Conformarse no era lo suyo.
Víctor asintió con una sonrisa:
—Si te gusta alguien, ni se te ocurra quedarte callada conmigo, ¿eh? Entre hombres es más fácil romper el hielo, ¿sabes?
—Está bien —respondió Hanna, devolviéndole el gesto.
En ese momento, algo llamó la atención de Hanna y, sin pensarlo mucho, añadió:
—Voy a dar una vuelta por allá.
La verdad, entre ellos ya no había mucho más de qué hablar, así que Víctor solo le hizo una seña:
—Ve tranquila.
Hanna caminó hacia el otro lado del jardín.
La casa de Adolfo estaba construida a medio cerro, rodeada de vegetación. Solo se veía esta mansión en toda la zona, así que el terreno era amplio, sin vecinos cerca. Era inicios de otoño, y el aire fresco traía consigo un suave aroma a naranjas.

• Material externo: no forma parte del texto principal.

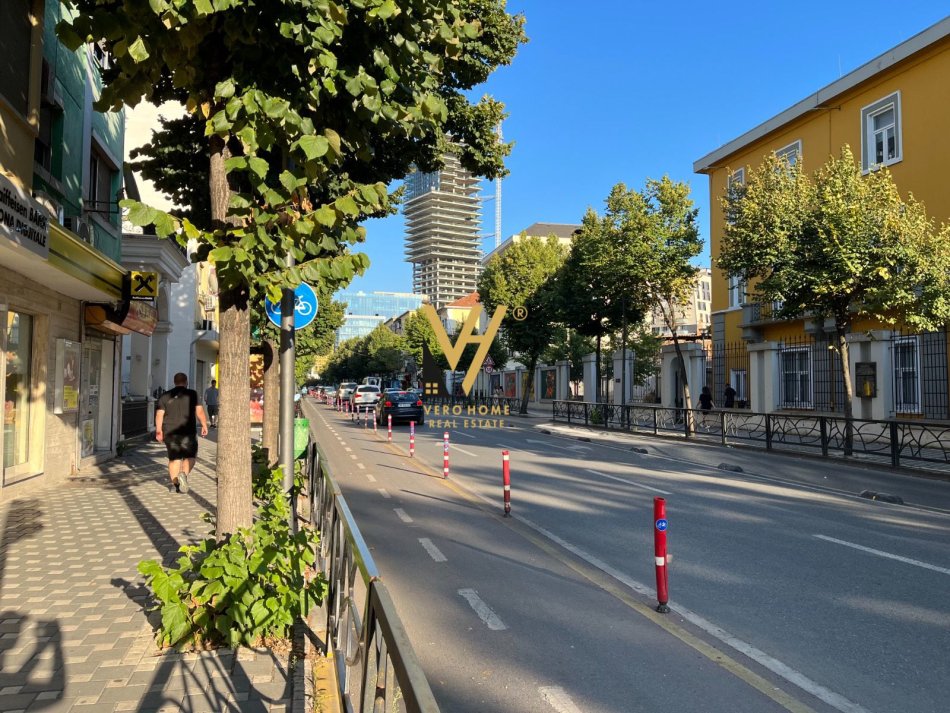 Tirane, shitet dyqan Kati 0, 50 m² 314.000 € (RRUGA E DURRESIT)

Al levantar la vista, Hanna encontró el origen: un naranjo alto y frondoso, no muy lejos de donde estaba. Entre las hojas verdes, tres o cuatro naranjas maduras resaltaban con ese color dorado tan tentador.
Hanna se acercó al árbol, tomó una naranja y, mirando hacia el frente, se dejó caer en una banca de madera bajo la sombra. Sostenía la fruta entre las manos, mientras cerraba los ojos fingiendo estar dormida.

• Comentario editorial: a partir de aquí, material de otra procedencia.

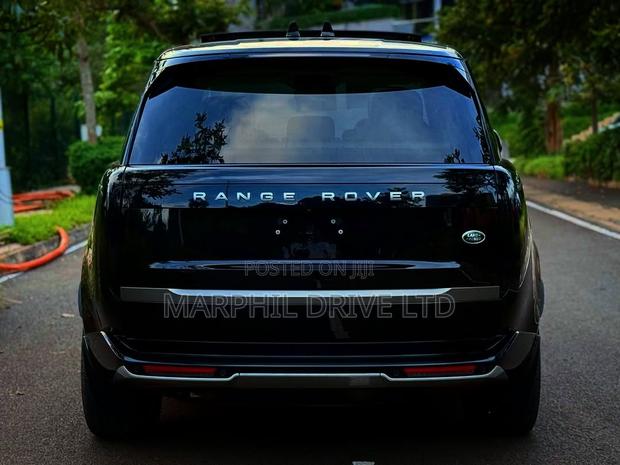 Land Rover Range Rover Vogue 2022 Black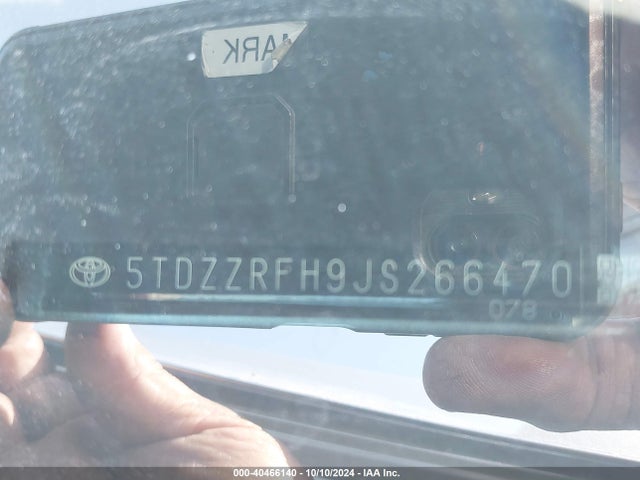 Toyota Highlander Le 2018 5TDZZRFH9JS266470 Image 9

Antes, se acomodó el cabello y subió la falda hasta el inicio de los muslos, dejando que algunas hojas cayeran sobre su vestido. Todo parecía tan natural y fresco, como si alguien hubiera montado la escena para una sesión de fotos de revista.
Pero Hanna no dormía de verdad. De vez en cuando, abría un ojo y espiaba a quien venía acercándose.

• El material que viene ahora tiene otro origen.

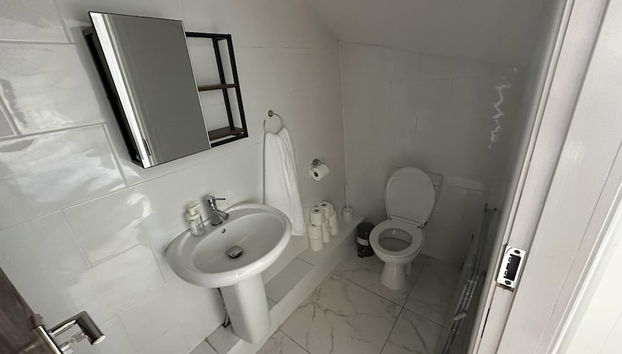 Captivating 1-bed Apartment in Birmingham - Foto 5, Baño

Vio que una silueta iba llegando, cada vez más cerca. Cuando estuvo a pocos pasos, Hanna cerró los ojos por completo, queriendo parecer aún más natural, como si nada le importara.
El sonido de unos zapatos sobre la grava se fue volviendo más fuerte, hasta que se detuvo justo frente a ella.
Pudo sentir claramente la mirada fija, intensa, como si la estuvieran estudiando, tal vez admirando.
Se puso nerviosa; el corazón se le aceleró. Pero se obligó a mantener la calma.
Solo era una vez. Solo esta vez había intentado un pequeño truco, y ya había conseguido captar la atención de esa persona.
De repente, el aire se llenó de un grito desgarrador.
—¡Alguien murió!
—¡Aquí hay un muerto!
Hanna se asustó tanto que abrió los ojos de golpe, solo para encontrarse con un rostro aterrorizado, a escasos centímetros del suyo.
La dueña de esa cara tenía dos trenzas y no le quitaba la mirada de encima, los ojos como platos.
—Nada, nada, lo que pasa es que pensé que esta chica se había muerto. ¡Estaba tirada ahí sin moverse ni decir nada! Me le quedé viendo como cinco minutos y ni parpadeó...
Mientras hablaba, Olivia imitó la pose de Hanna, incluso levantándose el vestido hasta el mismo punto.
El mayordomo, Reyes, echó un vistazo a Hanna y comprendió enseguida lo que había pasado.
Después de tantos años en la casa Lozano, había visto de todo.
Estas chicas nunca querían ir por el camino fácil.
Siempre buscando atajos.
¿Pensaban que los ricos eran tontos y que cualquier cosa los impresionaba?
Hanna deseó que la tierra se la tragara. No le quedó más remedio que decir, con la cara ardiendo:
—...mayordomo Reyes, creo que todo fue un malentendido.
El mayordomo sonrió de manera profesional:
—Señorita Lazcano, el salón principal está por allá.
No le quedó otra que caminar hacia donde le indicaban, tragándose la vergüenza.